External Validation of ATP bioluminescence assay

To further validate the established TRLU thresholds for each organism and antibiotic combination, additional strains of CR A. baumannii (n = 15), strains of CR P. aeruginosa (n = 15) and strains of CR K. pneumoniae (n = 20) were prospectively collected from Singapore hospitals from 2013–2014. Combination testing via determination of viable counts and ATP bioluminescent assay method were carried out as described above. Using the ATP bioluminescent results and the previously established TRLU values, each sample was then classified as “inhibitory” or “non-inhibitory”. These classification results were compared to results obtained from viable counts method for agreement, with viable counts method as the reference method. The sensitivity, specificity and the unweighted classification accuracy of the ATP bioluminescent assay method was determined for each species and antibiotic combination.

Definitions

Extensively-drug resistance was defined as non-susceptibility to at least one agent in all but two or fewer antimicrobial categories [28]. Pan-drug resistance was defined as non-susceptibility to all agents in all antimicrobial categories [28]. Evidence of an at least inhibitory activity was defined as any decrease in colony count on subculture of an organism in the presence of antibiotics compared to initial inoculum at 24h. Sensitivity was defined by the formulae TP / (TP + FN), where TP was the number of samples with inhibitory activity as determined by viable plating with ΔRLU ≤ TRLU, and FN was the number of samples with inhibitory activity as determined by viable plating and ΔRLU > TRLU. Specificity was defined by the formulae TN / (TN + FP), where TN was the number of samples with non-inhibitory activity as determined by viable plating with ΔRLU > TRLU, and FP was number of samples with non-inhibitory activity as determined by viable plating and ΔRLU ≤ TRLU. Unweighted accuracy was defined as (TP + TN) /N, where N is the total number of samples included into each analysis.

Ethics Statement

This study was approved by the SingHealth institutional ethics review board prior to initiation (2012/110/D).

Results

Susceptibility Testing and Resistance Mechanisms

Of the 100 CR-GNB isolates employed to develop the ATP bioluminescence assay, 82 were XDR and 18 were PDR (two A. baumannii, nine P. aeruginosa and seven K. pneumoniae). All isolates were not susceptible to meropenem, imipenem, ciprofloxacin, piperacillin/tazobactam, ceftazidime and cefepime (data not shown) [11]. MIC50 and MIC90 for polymyxin B for A. baumannii, P. aeruginosa and K. pneumoniae were 1mg/l and 2mg/l, 2mg/l and 4mg/l, and 2mg/l and 4mg/l respectively. There are no current CLSI susceptibility break points for tigecycline against A. baumannii or K. pneumoniae.[11] MIC50 and MIC90 of tigecycline for the A. baumannii and K. pneumoniae strains were 4mg/l and 8mg/l, and 2mg/l and 4mg/l respectively.
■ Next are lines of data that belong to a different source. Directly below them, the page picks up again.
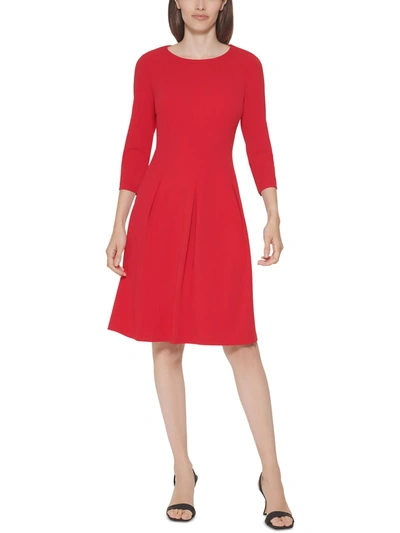 Shop Calvin Klein Womens A-line Knee Midi Dress In Red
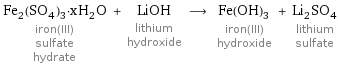 Fe_2(SO_4)_3·xH_2O iron(III) sulfate hydrate + LiOH lithium hydroxide ⟶ Fe(OH)_3 iron(III) hydroxide + Li_2SO_4 lithium sulfate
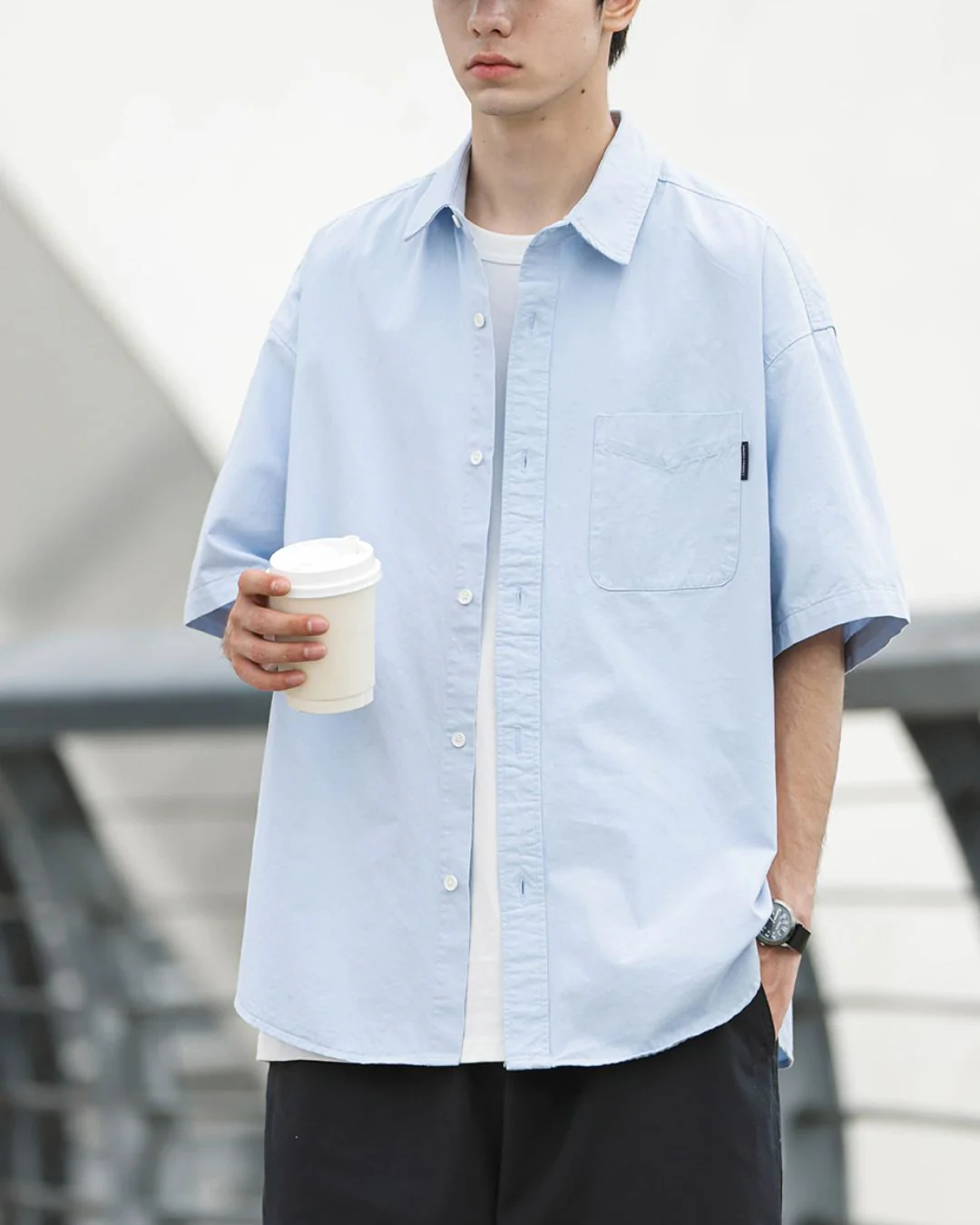 Plain Cotton Relaxed Shirt SS069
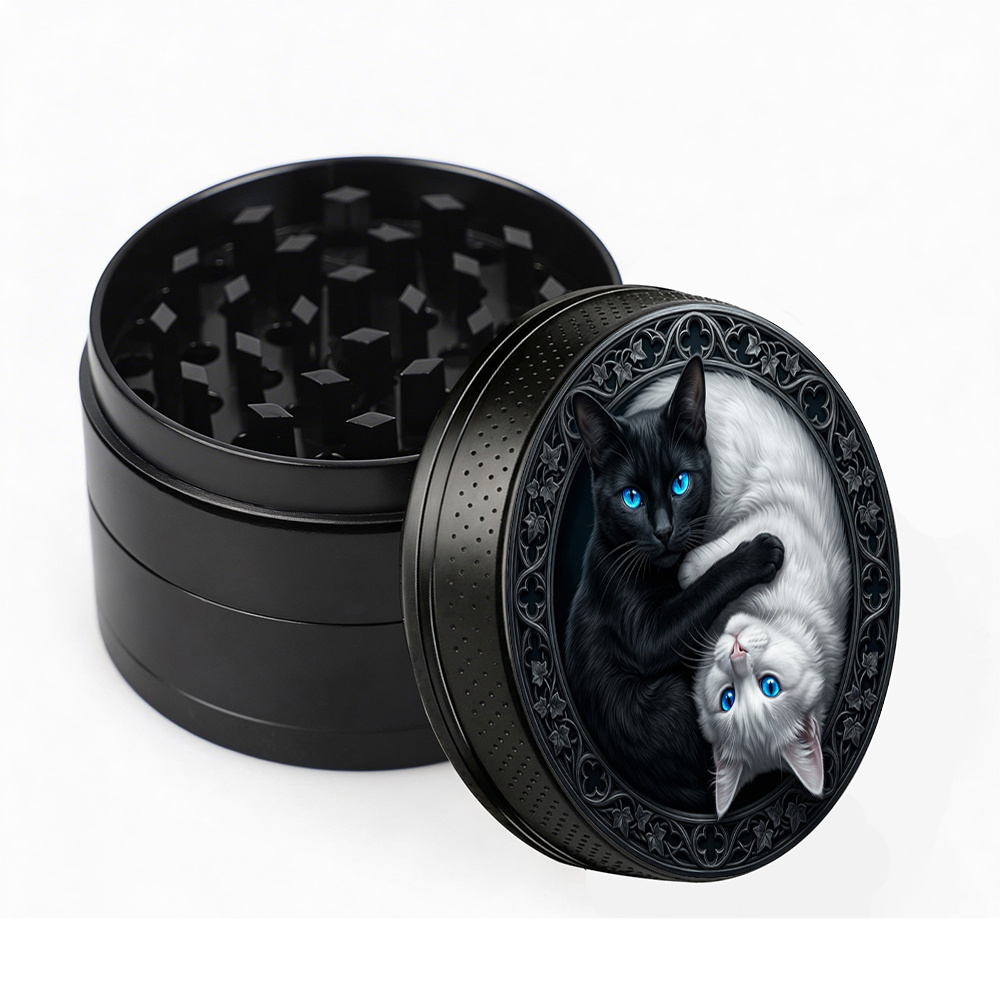 1pc 2in - Alloy Spice Grinder, Manual Grinder With Adorable Twin For Cats , Durable Kitchen, Home, Camping Hand Mill, Ideal For Cat - Lovers Decor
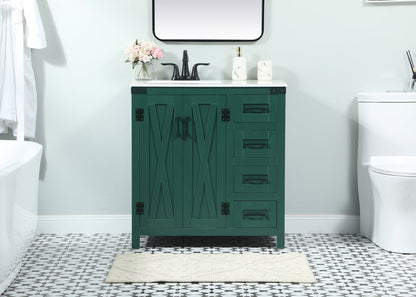 32 inch Single bathroom vanity in green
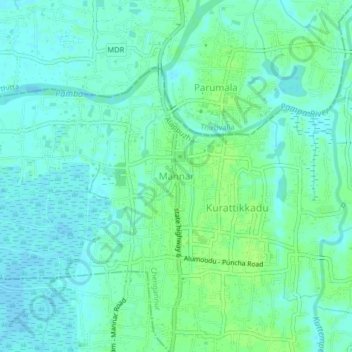 Mapa topográfico Mannar, altitud, relieve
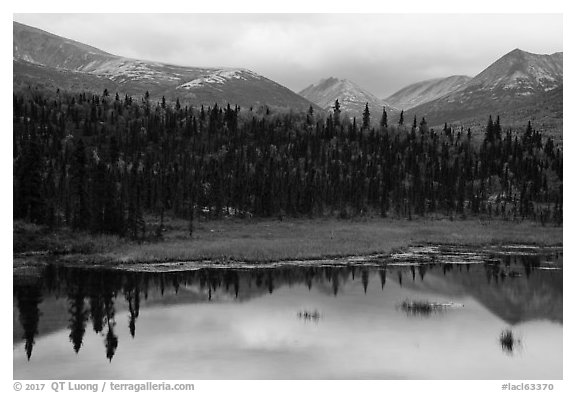 Beaver Pond and mountains. Lake Clark National Park (black and white)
All A. baumannii isolates harbored bla OXA-23 and bla OXA-51 carbapenemase genes. For P. aeruginosa, the majority harbored either genes encoding VIM (10/30, 33.3%) or IMP (9/30, 30.0%) metallo-beta-lactamases; in addition, one P. aeruginosa strain (1/30, 3.3%) harbored bla VEB. A wide variety of mechanisms mediating carbapenem resistance was observed in K. pneumoniae. Carbapenemases were responsible for mediating resistance in 35 (87.5%) K. pneumoniae isolates–bla OXA-181 genes were most commonly detected (17/40, 42.5%), followed by bla KPC (16/40, 40.0%) bla NDM (12/40, 30.0%) and bla OXA-48 genes (7/40, 17.5%). Approximately a quarter (11/40, 27.5%) of the K. pneumoniae isolates harbored more than one gene encoding carbapenemases; in 10 (25.0%) isolates, both bla NDM and bla XOA-181 resistance genes was detected, while one (2.5%) co-harbored bla NDM and bla OXA-48. In five (12.5%) K. pneumoniae isolates, ESBLs with reduced expression of porin genes were detected. Addition of PAβN did not result in a decrease in carbapenem MICs in any K. pneumoniae isolates, suggesting absence of carbapenem efflux.

Relationship between Viable Counts and ATP Bioluminescence

For all three ATCC strains, the ATP bioluminescence assay displayed a linear relationship between log10-corrected RLU values and cell number (CFU/ml) in the operating range of approximately 103 to 107 CFU/ml (r2 = 0.96 to 0.98) when the bacteria are suspended in Ca-MHB (Fig 1). This linear relationship was also reproduced in the CR-GNB strains (r2 = 0.97 to 0.99) within the same operating range. The lower limit of detection was approximately between 103 RLU/100μl, which corresponded to approximately 103 to 104CFU/ml for all strains; below this, bacterial RLU readings were confounded by the background RLU readings in sterile MHB. The maximum limit of detection was approximately 107 CFU/ml; above 107 CFU/ml, increase in cell number on viable plating did not result in a further increase in RLU values (data not shown).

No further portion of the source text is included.